Yesterday was International Women’s Day. My husband told me to not do anything and I had planned on “following his orders.” I wanted nothing more than to do nothing other than the things I enjoy like writing and art. I planned on not cooking, not picking up messes and not doing anything I didn’t need to do. I imagined myself sitting at my table in my artistic space listening to music and making art. But alas! I am a mother and a mother must care for her children. She must make sure they are clean, make sure they are fed and she must not allow fights to get too loud.
It turns out I finished doing the laundry, I cooked dinner and I helped with homework while at the same time doing mine. But I also wrote – I wrote about myself on the About Me page and I did manage to sneak in 10 minutes of art fun in my journal.

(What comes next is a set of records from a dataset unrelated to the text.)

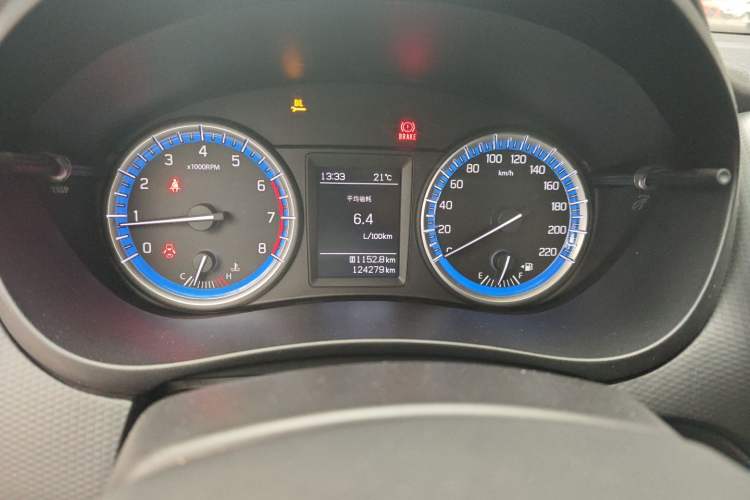 Used Suzuki S-Cross 2015 1.6L Manual Two-Wheel Drive Entry Model
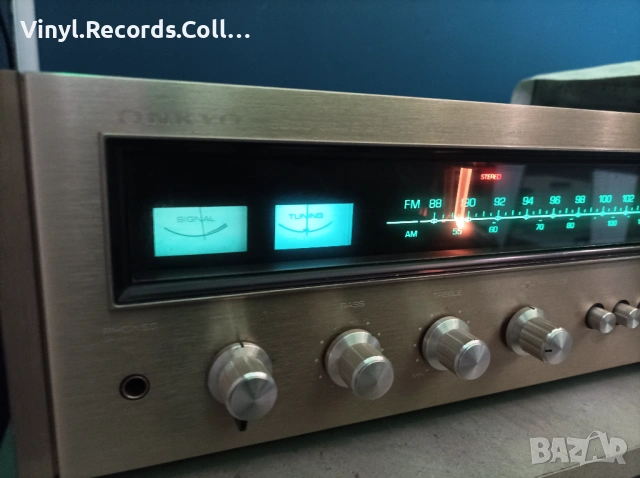 Onkyo - TX-440, снимка 6 - Ресийвъри, усилватели, смесителни пултове - 54367934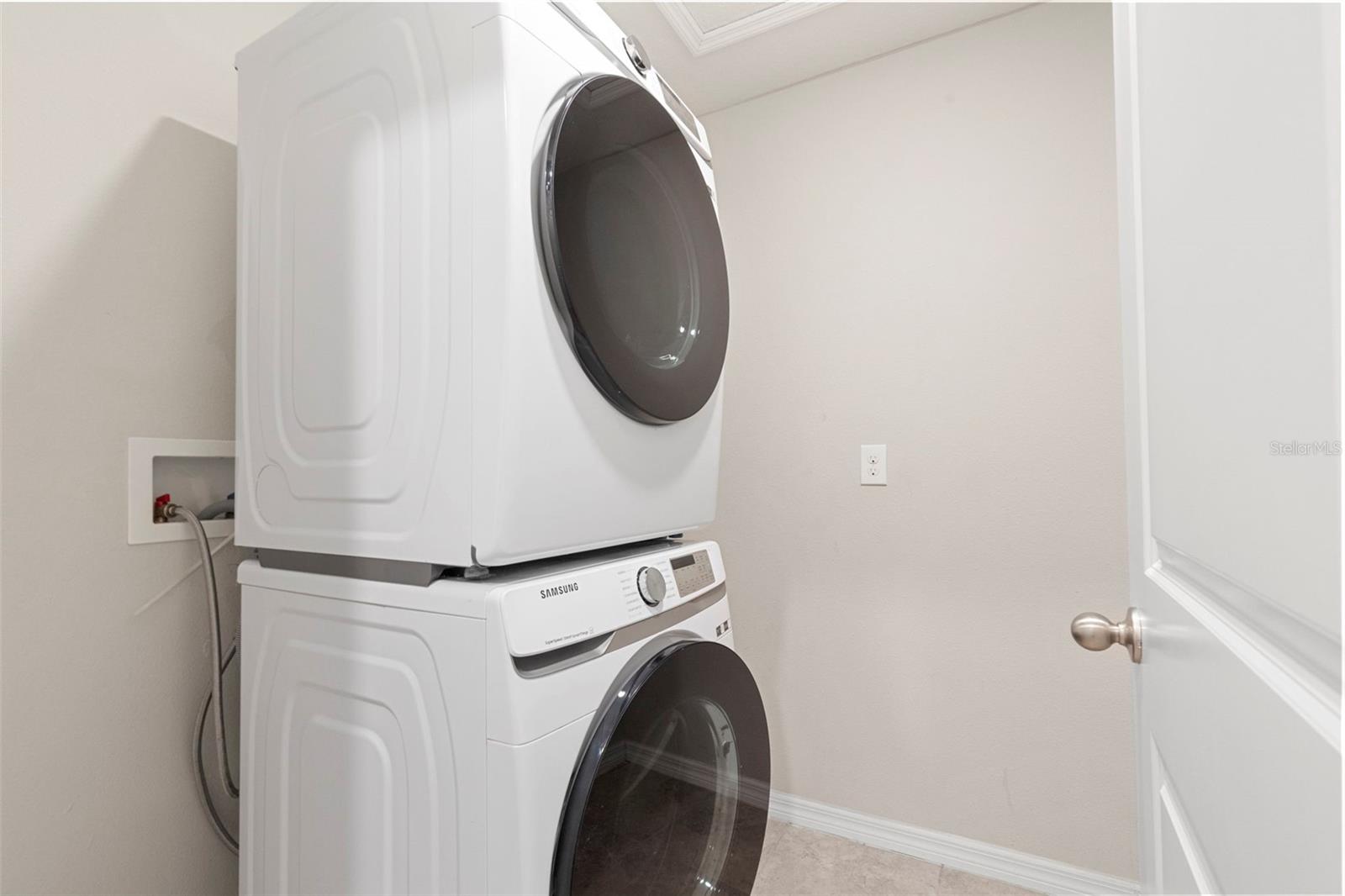 Laundry Room upstairs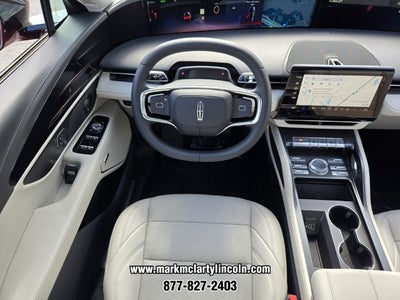 2026 Lincoln Nautilus Premiere
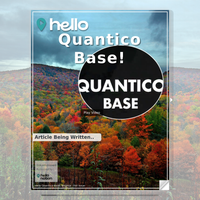 Image for Quantico Base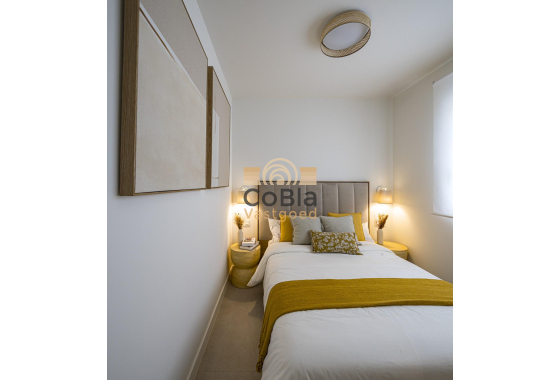 Nieuwbouw Woningen - Bungalow - Pilar de la Horadada - Torre de la Horadada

I even managed to fit in a doctor’s visit, a grocery store run and, at the insistence of Gael, (my 5-year old son) an hour at the library improvising a game of Guess Who? which neither one of us has played before.
“Okay,” I said, “I think you have ask me questions so you can guess which one I’m looking at.”
“Ohhh, okay,” he said and I decided to ask first so he could see how to ask his questions.
“Is it round?”
“Is it a fruit?”
“Is it an orange?”
It was the most exciting thing to see Gael get that excited over a good “guess.” And then it was his turn.
“Is it round?”
“Is it the orange?”
“Is it the apple?”
“Is it the donut?”
“Is it the banana?”
“That’s not round.”
“But I’m asking questions.”
“Is it the strawberry?”
“Um, yes. Okay, let’s go look at the books”
Looking at my day, I’m surprised I’m still here. We women really are something amazing. What would the world be without us?
Which brings me to what I was thinking about yesterday – about the women I admire. There are many but here are just a few . . .
Sandra Cisneros, a Chicana writer who now lives in Mexico, which, by the way, is my plan for the future. The House on Mango Street is one of my favorites but I’d have to say that I am in love with Caramelo. Caramelo inspired me to keep working on my own grandmother’s story. Her writing style is the kind of writing I aspire to achieve: clear and simple but true and transcendent.
Maya Angelou, a black writer who stole my heart with I Know Why the Caged Bird Sings. That book was the hook that made me read Gather Together in My Name and Singin’ and Swingin’ and Gettin’ Merry Like Christmas, and Heart of a Woman. Then there’s her poem Still I Rise which only she reads perfectly. Of course there’s more of her work I need to read but I already love her.
Sor Juana Ines De La Cruz, a feminist Mexican writer and nun of the 17th century. Although I do not consider myself a feminist (more on that in another post) nor a religious person (will also write about that later) I do admire her rebelliousness, her view on life and her intellect.
Mother Teresa, a nun and missionary. The way she took care of the forgotten is a trait I can’t help but admire in her. For some reason I have a special love for the homeless which is why, at least in small doses, I give to them directly whenever possible. Of course what I do does not compare to Mother Teresa’s work but I do believe in that quote by Aesop:
No act of kindness, no matter how small, is ever wasted.